From the records below, output exactly the lines starting at the line with "炉火锅电池炉煲汤炉家商两用触屏款 【平面爆炒】单机券10元158商品详情" and ending at the line with "Borsa Tracolla Stampa", both of them included, but no pictures.

**Materials provided:**
====

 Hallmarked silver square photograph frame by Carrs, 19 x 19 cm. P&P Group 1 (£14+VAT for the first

====

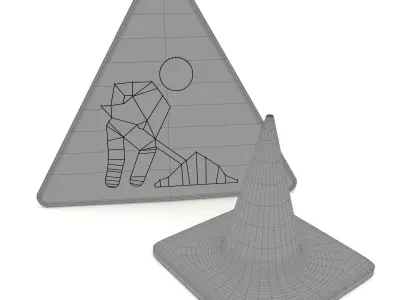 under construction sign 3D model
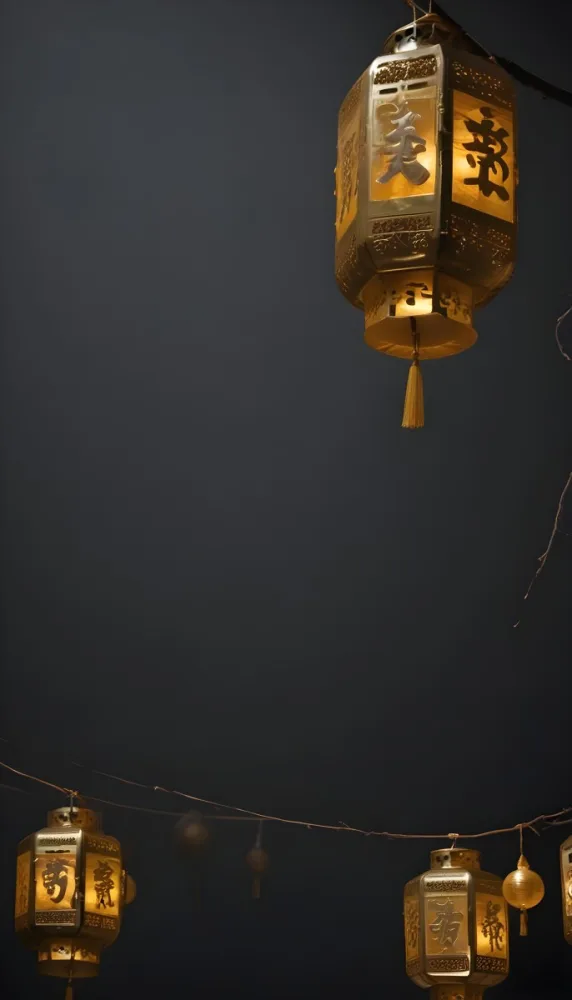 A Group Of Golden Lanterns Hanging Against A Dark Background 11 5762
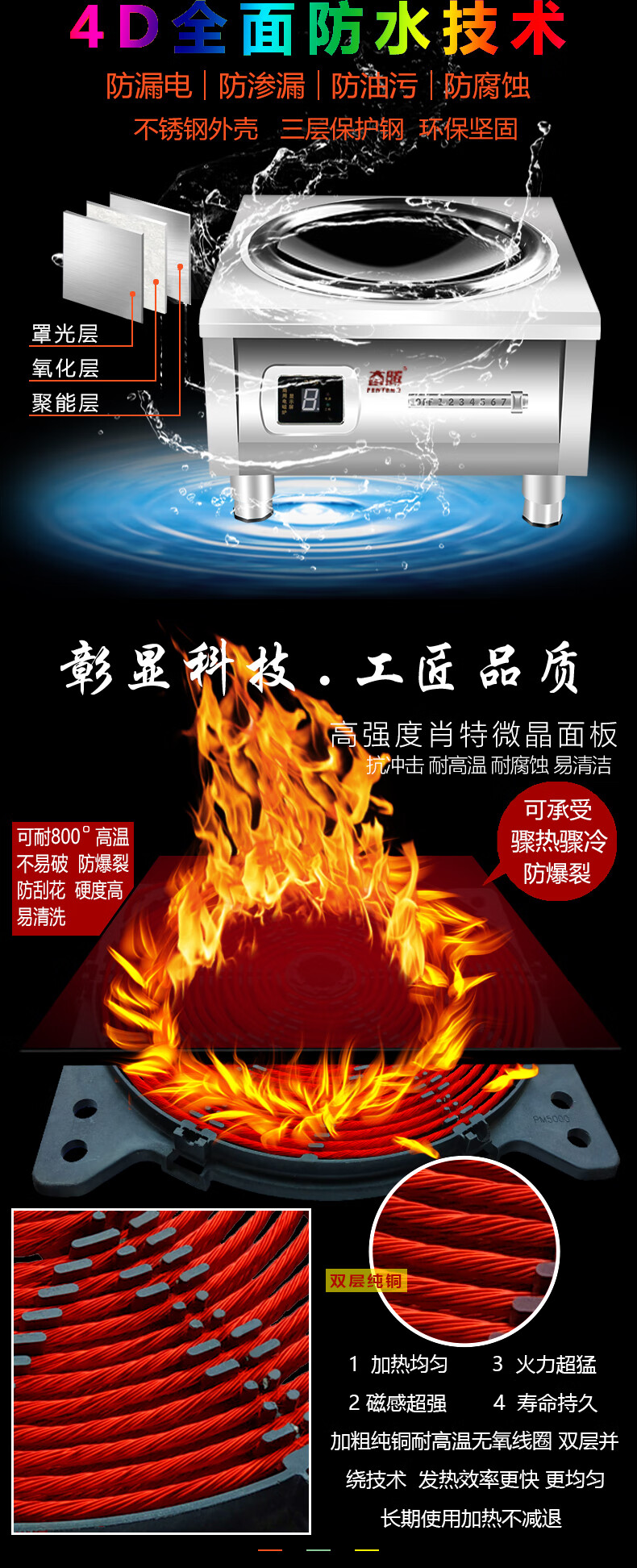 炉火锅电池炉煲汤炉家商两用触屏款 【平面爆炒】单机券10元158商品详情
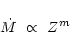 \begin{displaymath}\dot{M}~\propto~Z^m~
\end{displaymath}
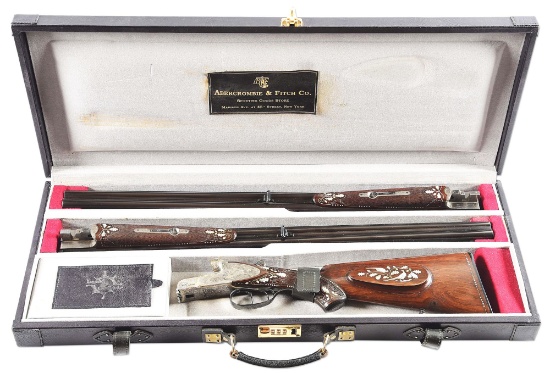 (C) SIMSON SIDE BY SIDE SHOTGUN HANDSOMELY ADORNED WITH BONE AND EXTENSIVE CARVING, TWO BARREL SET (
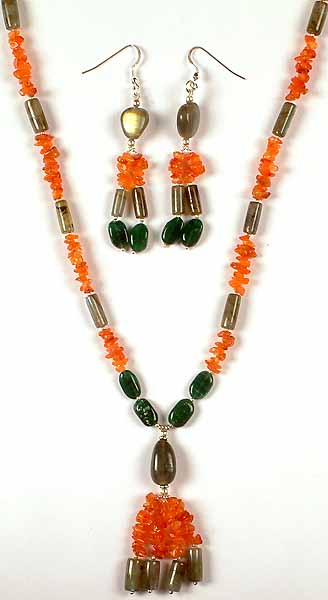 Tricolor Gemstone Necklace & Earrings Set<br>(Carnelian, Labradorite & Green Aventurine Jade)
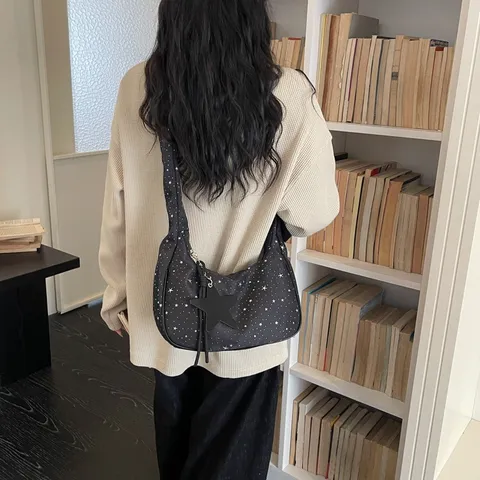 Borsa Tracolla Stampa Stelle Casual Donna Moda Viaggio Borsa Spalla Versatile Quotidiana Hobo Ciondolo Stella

====

**Written response:**
 炉火锅电池炉煲汤炉家商两用触屏款 【平面爆炒】单机券10元158商品详情
 \begin{displaymath}\dot{M}~\propto~Z^m~
\end{displaymath}
 (C) SIMSON SIDE BY SIDE SHOTGUN HANDSOMELY ADORNED WITH BONE AND EXTENSIVE CARVING, TWO BARREL SET (
 Tricolor Gemstone Necklace & Earrings Set<br>(Carnelian, Labradorite & Green Aventurine Jade)
 Borsa Tracolla Stampa Stelle Casual Donna Moda Viaggio Borsa Spalla Versatile Quotidiana Hobo Ciondolo Stella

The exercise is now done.